-- DATA EXTRACT follows --

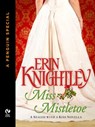 Miss Mistletoe - Erin Knightley - 9781101602010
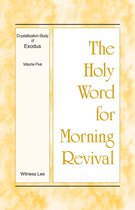 The Holy Word for Morning Revival - Crystallization-study of Exodus 5 - The Holy Word for Morning Revival - Crystallization-study of Exodus, Volume 5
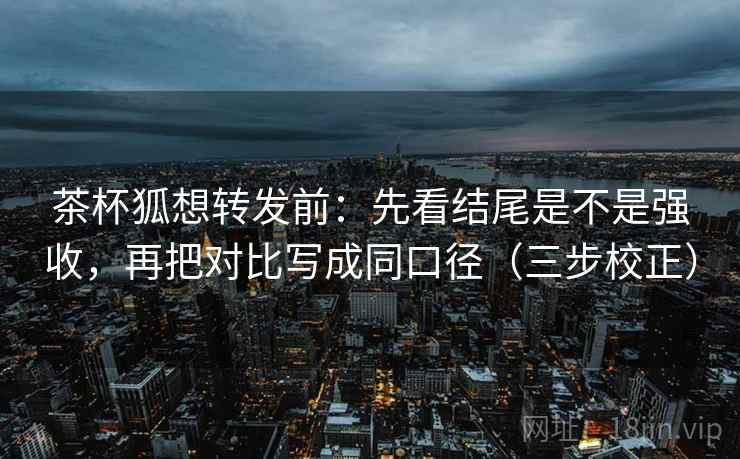 茶杯狐想转发前：先看结尾是不是强收，再把对比写成同口径（三步校正）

-- DATA EXTRACT concluded --

■ **INSTRUCTIONS TO FOLLOW**: Please return the full listing word for word, but without any pictures.

■ **ANSWER FOR THIS EXERCISE**:
 Miss Mistletoe - Erin Knightley - 9781101602010
 The Holy Word for Morning Revival - Crystallization-study of Exodus 5 - The Holy Word for Morning Revival - Crystallization-study of Exodus, Volume 5
 茶杯狐想转发前：先看结尾是不是强收，再把对比写成同口径（三步校正）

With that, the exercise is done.